The mass shooting at a gay nightclub during the early morning hours of June 12 in Orlando was a difficult, sobering reminder of the often-violent resistance that stands in the way of progress in the United States.

The slow but steady progression toward marriage equality in the United States has led to higher visibility of LGBTQ communities, and it has also resulted in rhetoric and legislation that has been both inclusive and exclusive of LGBTQ people. This “two steps forward, one step back” march toward equality is nothing new for minority populations in this country.

When the AIDS epidemic hit the United States in the 1980s, for instance, societal and governmental neglect formed the backdrop of queer people dying, many of whom were of color. This negligence was, in essence, a backlash to increasing levels of acceptance of LGBTQ populations — acceptance that dovetailed 1970s and 1980s movements based on gay liberation, lesbian feminism and the activism of queer people of color. (These activist movements followed a rebellion of policing and harassment in another queer bar, the Stonewall Inn, in 1969.)

We have recently witnessed deepening levels of acceptance of LGBTQ people in the United States, so when I read the names, saw the faces, and heard the stories of the deceased at the Orlando nightclub, my heart sank. Mostly queer people of color. History has a habit of repeating itself.
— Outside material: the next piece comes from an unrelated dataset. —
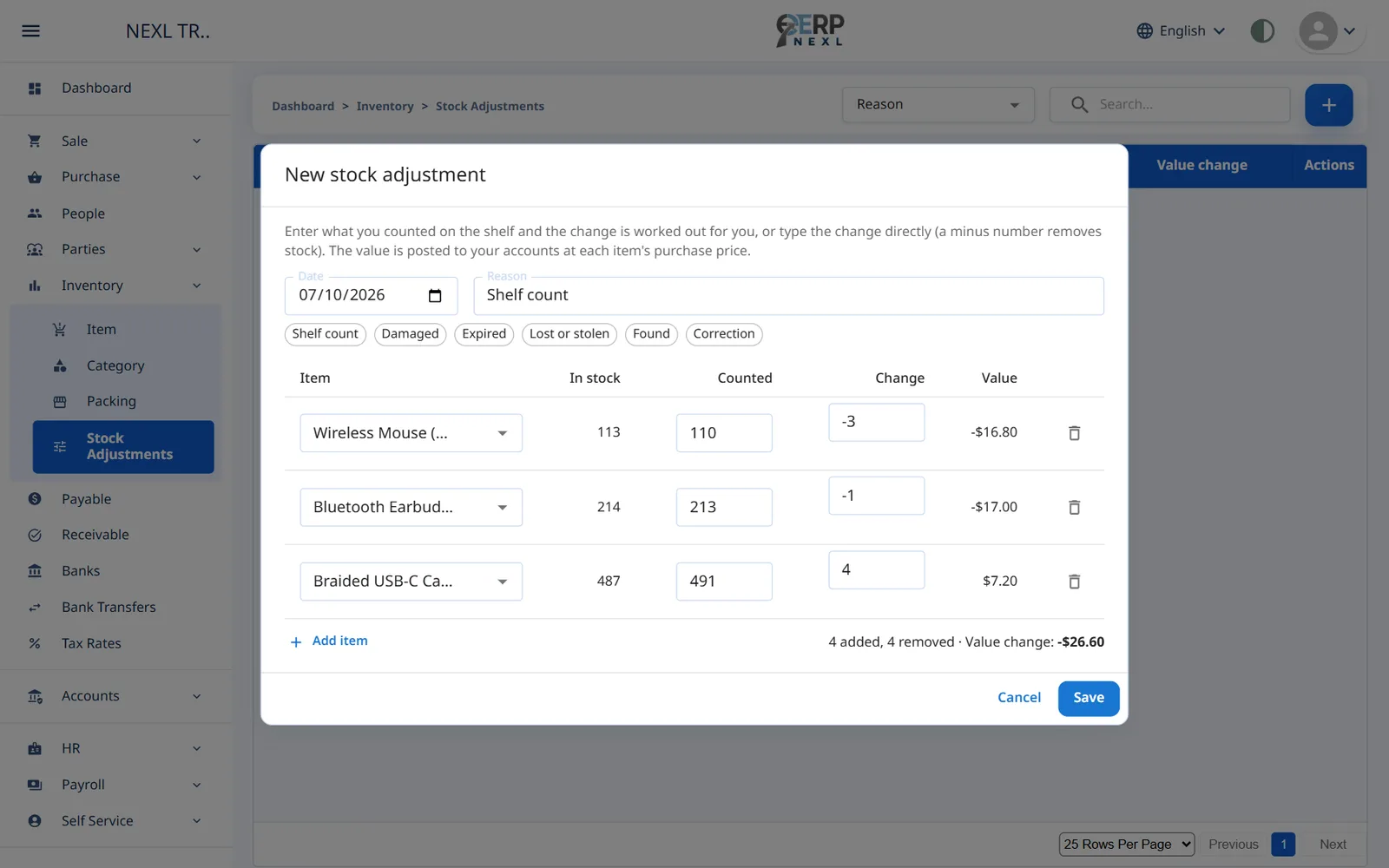 The New stock adjustment window with a reason, three items, their counted quantities and the value change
The mass shooting in Orlando followed months of accelerated anti-LGBTQ legislative actions in the United States. Most prominent is North Carolina’s House Bill 2 (HB2), which recently overturned the state’s antidiscrimination policies that protected LGBTQ communities in public workplaces and public educational institutions. As Attorney General Loretta Lynch stated in early May, HB2 legislated “state-sponsored discrimination.”

For transgender students attending the University of North Carolina (UNC), a public system, the “multiple occupancy bathroom or changing facilities” clause immediately dictated that trans students at UNC campuses use bathrooms linked with the sex categories they were assigned at birth. The president of the university released a letter in early April requiring UNC campuses to comply with this clause. Almost two months later, the president rescinded the requirement following pressure from activists and a federal civil rights lawsuit, but what kind of message did transgender students at UNC receive in the interim?

HB2 prevented trans students from engaging “in the most private of functions in a place of safety and security,” as Lynch stated. Physical safety and intellectual safety are deeply intertwined on our campuses; exclusion from one section of campus is exclusion from the entirety of campus life.